List<Integer> numbers =
Arrays.asList(1,2,3,4,5);

int sum =
numbers.stream()
.mapToInt(Integer::intValue)
.sum();

System.out.println(sum);

int max =
numbers.stream()
.max(Comparator.naturalOrder())
.orElse(-1);

System.out.println(max);

}

}

Example: Grouping Elements​

import java.util.Arrays;
import java.util.List;
import java.util.Map;
import java.util.stream.Collectors;

public class StreamGroupByExample {

public static void main(String[] args) {

List<String> words =
Arrays.asList("apple","banana","cherry","blueberry","avocado");

Map<Character,List<String>> grouped =
words.stream()
.collect(Collectors.groupingBy(word -> word.charAt(0)));

System.out.println(grouped);

}

}

Sequential vs Parallel Streams​

Type Description


Sequential Stream Processes elements one by one Parallel Stream Splits work across multiple threads

Example:

numbers.parallelStream()
.filter(n -> n > 5)
.forEach(System.out::println);

Parallel streams are useful for large datasets and CPU‑intensive operations.

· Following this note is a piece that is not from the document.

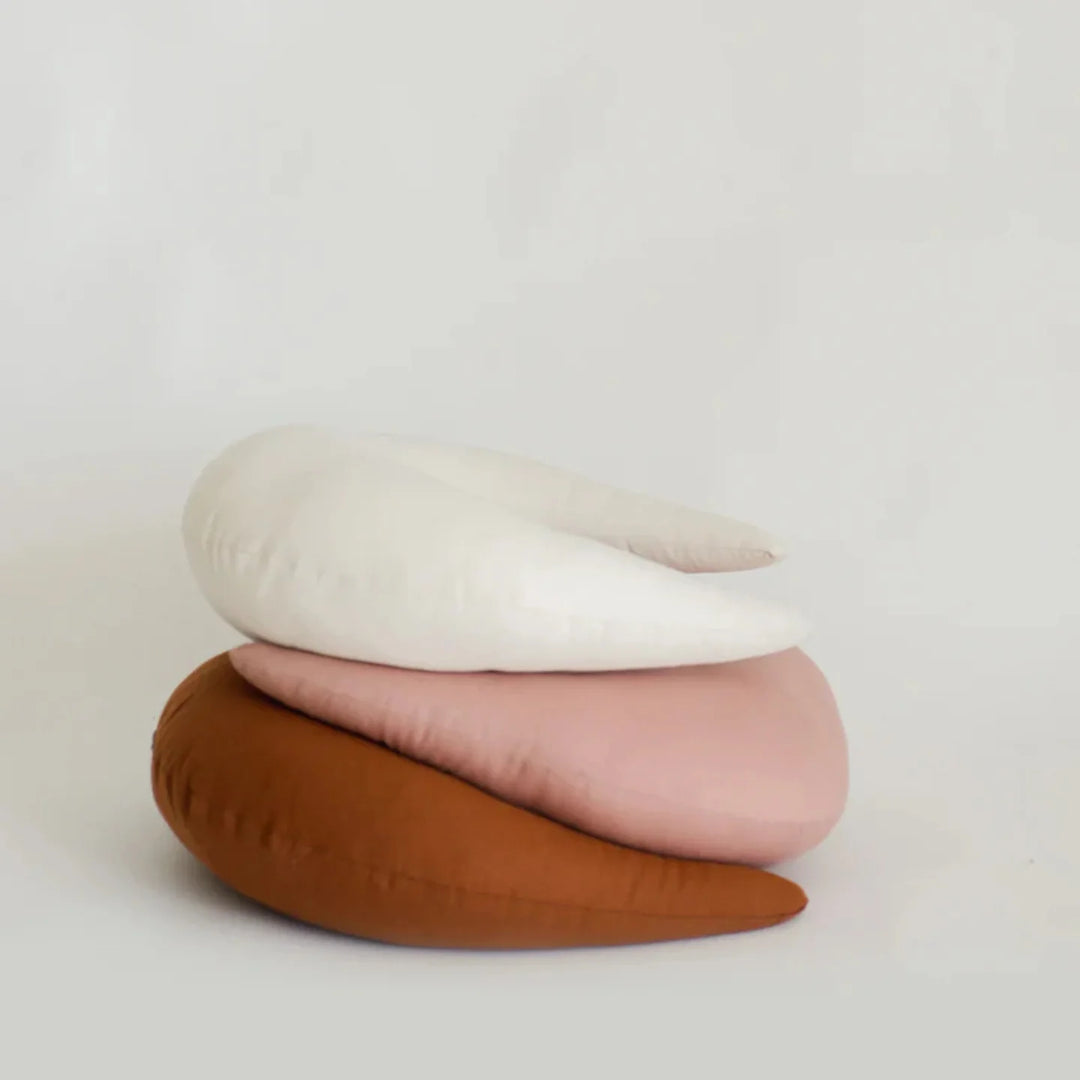 iL Tutto Snuggle Me Feeding Pillow in Gumdrop
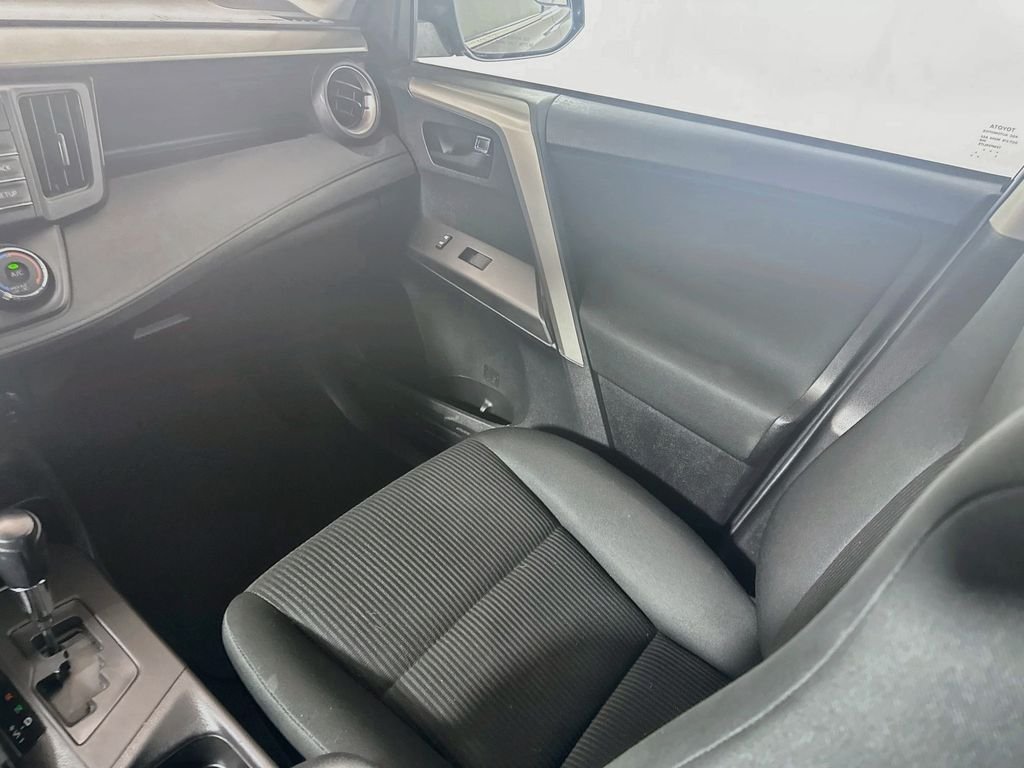 Used 2018 Gray Toyota LE image 20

Performance Considerations​

AspectBehavior
Small datasetsTraditional loops may be faster
Large datasetsStreams can be efficient
Parallel processingUseful for CPU-heavy tasks
Memory usageSlight overhead for complex pipelines

When to Use Streams​

Use Streams when:

  • Performing transformations
  • Filtering collections
  • Aggregating data
  • Processing pipelines of operations

Avoid Streams when:

  • Simple loops are clearer
  • Heavy mutation of collections is required

Streams vs Traditional Loops​

FeatureStreamsLoops
ReadabilityConciseExplicit
PerformanceSlight overheadOften faster
ParallelismBuilt-inManual implementation
Complexity handlingBetter for pipelinesHarder for complex logic

Summary​

Streams provide:

  1. Functional-style processing
  2. Concise and readable code
  3. Powerful transformation pipelines
  4. Built-in support for parallel processing

They are widely used in modern Java applications for data processing and collection transformations.